The blastulae of teleost fishes remain in this generalized condition until about the time when the gastrulative processes begin. At that time the notochordal and mesodermal, cellular areas begin their migrations over the caudal edge of the blastodisc to the blastococlic space below, where they ultimately come to lie beneath the epidermal and neural areas. Associated with the migration of notochordal and mesodermal cells, an entodermal floor or secondary hypoblast is established below the notochordal and mesodermal cells by the active migration of primary hypoblast cells in an antero-lateral direction. In the elasmobranch fishes there is a similar cell movement from the caudal disc margin, as found in teleost fishes, but, in addition, a delamination of entodermal (and possibly mesodermal cells) occurs from the deeper lying parts of the blastodisc.

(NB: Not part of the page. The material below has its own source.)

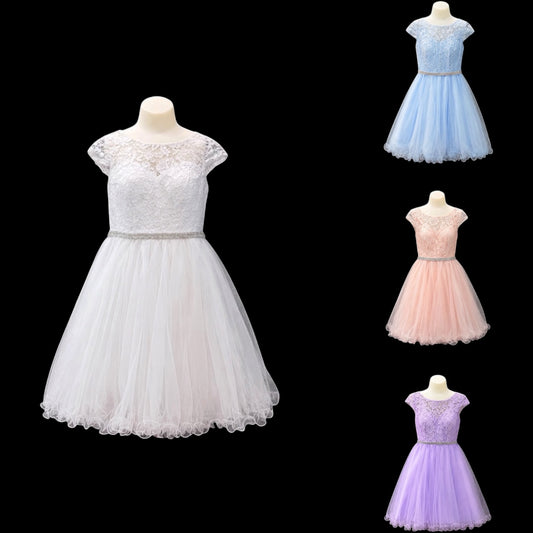 Jr. Grad Lace Dress with Rhinestone Waist and Layered Tulle Skirt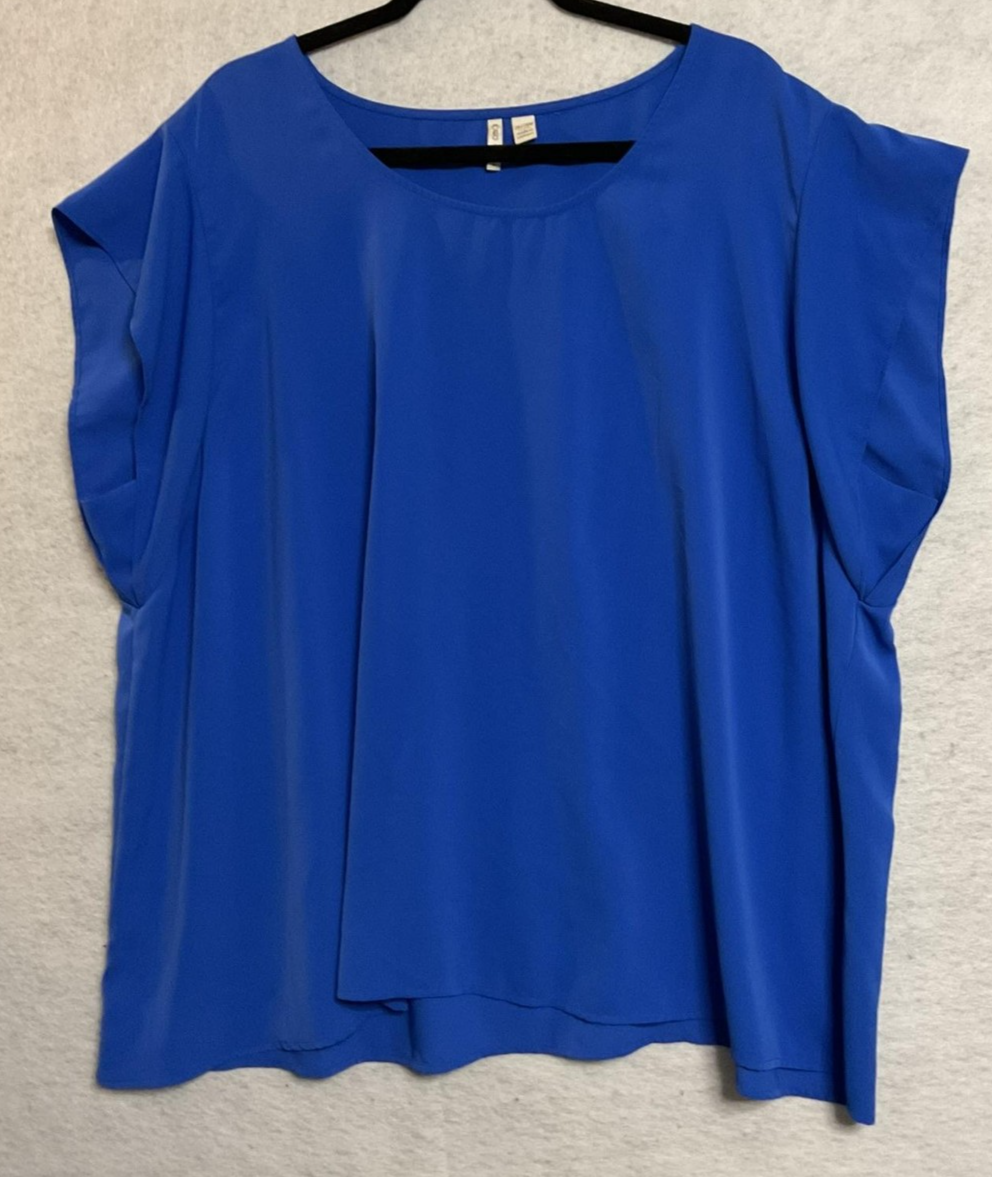 Cato Blouse Womens 26/28W Blue Dolman Sleeve Scoop Neck Tunic Top Plus Size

7. Blastulae of Gymnophionan Amphibia

In the Gymnophiona, nature has consummated a blastular condition different from that in other Amphibia. It represents an intermediate condition between the blastula of the frog and the blastodiscs of the teleost and elasmobranch fishes and of higher vertebrates (fig. 182). In harmony with the frog blastula, for example, a specialized periblast or food-getting group of cells is absent. On the other hand, the presumptive entoderm and the presumptive notochordal, mesodermal, neural, and epidermal cells form a compact mass at one pole of the egg, as in teleosts, the ohick, and mammal. Similar to the condition in the chick and mammal, the entodermal cells delaminate (see Chap. 9) from the under surface of the blastodisc (Brauer, 1897).